-- Requirement --
Below are records; output all of them exactly.

-- Data to use --
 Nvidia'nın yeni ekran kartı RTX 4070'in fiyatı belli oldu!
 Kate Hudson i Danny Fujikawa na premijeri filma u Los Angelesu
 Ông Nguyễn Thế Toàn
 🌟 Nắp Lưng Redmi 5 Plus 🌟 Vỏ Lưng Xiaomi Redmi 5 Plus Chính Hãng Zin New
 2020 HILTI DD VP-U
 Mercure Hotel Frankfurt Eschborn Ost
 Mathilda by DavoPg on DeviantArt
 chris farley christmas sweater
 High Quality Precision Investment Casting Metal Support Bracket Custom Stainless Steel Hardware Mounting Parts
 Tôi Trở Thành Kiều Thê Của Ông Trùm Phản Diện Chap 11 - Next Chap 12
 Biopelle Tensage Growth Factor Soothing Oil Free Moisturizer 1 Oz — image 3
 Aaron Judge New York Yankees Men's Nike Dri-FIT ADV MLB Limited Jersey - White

-- Solution to the problem --
 Nvidia'nın yeni ekran kartı RTX 4070'in fiyatı belli oldu!
 Kate Hudson i Danny Fujikawa na premijeri filma u Los Angelesu
 Ông Nguyễn Thế Toàn
 🌟 Nắp Lưng Redmi 5 Plus 🌟 Vỏ Lưng Xiaomi Redmi 5 Plus Chính Hãng Zin New
 2020 HILTI DD VP-U
 Mercure Hotel Frankfurt Eschborn Ost
 Mathilda by DavoPg on DeviantArt
 chris farley christmas sweater
 High Quality Precision Investment Casting Metal Support Bracket Custom Stainless Steel Hardware Mounting Parts
 Tôi Trở Thành Kiều Thê Của Ông Trùm Phản Diện Chap 11 - Next Chap 12
 Biopelle Tensage Growth Factor Soothing Oil Free Moisturizer 1 Oz — image 3
 Aaron Judge New York Yankees Men's Nike Dri-FIT ADV MLB Limited Jersey - White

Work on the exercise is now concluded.